Von Helmut Martin-Jung, München

Das Poster, für Robert Lindner ist es symbolhaft, heute noch. Vor zwölf Jahren, als er anfing bei der Software-Firma Red Hat, hing es im Büro an der Wand. Mahatma Gandhi ist darauf zu sehen, Pazifist und Anführer der indischen Unabhängigkeitsbewegung, dazu sein Spruch: "Zuerst ignorieren sie dich, dann lachen sie über dich, dann bekämpfen sie dich, und dann gewinnst du."

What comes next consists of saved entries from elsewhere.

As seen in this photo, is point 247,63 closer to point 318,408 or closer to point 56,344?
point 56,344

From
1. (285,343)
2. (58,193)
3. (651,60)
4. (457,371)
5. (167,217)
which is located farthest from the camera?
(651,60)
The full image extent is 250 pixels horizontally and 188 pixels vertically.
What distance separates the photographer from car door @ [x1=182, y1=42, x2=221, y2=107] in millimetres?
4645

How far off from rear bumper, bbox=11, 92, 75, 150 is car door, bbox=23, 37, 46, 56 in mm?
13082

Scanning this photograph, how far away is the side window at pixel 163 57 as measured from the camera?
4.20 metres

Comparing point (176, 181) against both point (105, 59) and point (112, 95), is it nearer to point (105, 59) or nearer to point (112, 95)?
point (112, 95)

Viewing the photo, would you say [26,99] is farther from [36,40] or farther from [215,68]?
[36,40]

Auch Red Hat habe mal so angefangen, heute ist das Unternehmen enorm erfolgreich, weil man eine gute Idee früh erkannt und mit Verve umgesetzt hatte. Eine einfache Idee eigentlich: Was in Software reine Grundlagentechnologie ist, entwickelt man am besten nicht alleine, sondern mit vielen. Ja, auch in Deutschland gibt es Open-Source-Firmen. Aber generell, sagt Lindner, herrsche doch immer noch deutsches Ingenieursdenken vor.

Ein Produkt müsse, wenn es auf den Markt kommen soll, feature complete sein, fix und fertig sozusagen. "Das lässt uns dazu neigen, Innovationen, die woanders entstehen, nicht ernst zu nehmen." Erst zu spät springe man auf, "aber dann ist es nahezu unmöglich, den Vorsprung noch aufzuholen".

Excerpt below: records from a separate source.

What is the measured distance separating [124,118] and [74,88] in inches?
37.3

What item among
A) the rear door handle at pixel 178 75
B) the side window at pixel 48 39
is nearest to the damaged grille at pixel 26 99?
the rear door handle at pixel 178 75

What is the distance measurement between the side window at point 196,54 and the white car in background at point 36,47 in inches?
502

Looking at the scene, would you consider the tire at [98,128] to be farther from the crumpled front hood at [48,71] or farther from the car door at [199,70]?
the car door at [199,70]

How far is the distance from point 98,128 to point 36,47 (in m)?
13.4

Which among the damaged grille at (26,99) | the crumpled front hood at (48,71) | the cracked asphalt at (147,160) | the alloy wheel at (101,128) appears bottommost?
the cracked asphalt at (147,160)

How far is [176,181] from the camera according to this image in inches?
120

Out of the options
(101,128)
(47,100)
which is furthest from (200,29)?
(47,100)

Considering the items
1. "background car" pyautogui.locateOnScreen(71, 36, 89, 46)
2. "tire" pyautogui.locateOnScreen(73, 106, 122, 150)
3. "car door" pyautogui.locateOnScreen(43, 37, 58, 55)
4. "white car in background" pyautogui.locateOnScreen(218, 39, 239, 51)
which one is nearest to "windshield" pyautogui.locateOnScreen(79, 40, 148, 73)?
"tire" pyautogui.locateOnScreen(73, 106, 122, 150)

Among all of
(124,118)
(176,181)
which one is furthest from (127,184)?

Was Lindner daran besonders ärgert: "Wir könnten fantastische Produkte bauen, wenn wir weltweit entstehende Ideen aufnähmen." Einer der Gründe dafür ist für ihn das Over-Engineering, man könnte auch sagen: der deutsche Perfektionismus. In vielen Fällen, glaubt Lindner, würde erst einmal ein Produkt ausreichen, das die Minimalanforderungen erfüllt und das dann erweitert wird - am besten mit den Erfahrungen der Nutzer als Feedback.

"Ich würde die Digitalisierung des Staates massiv vorantreiben."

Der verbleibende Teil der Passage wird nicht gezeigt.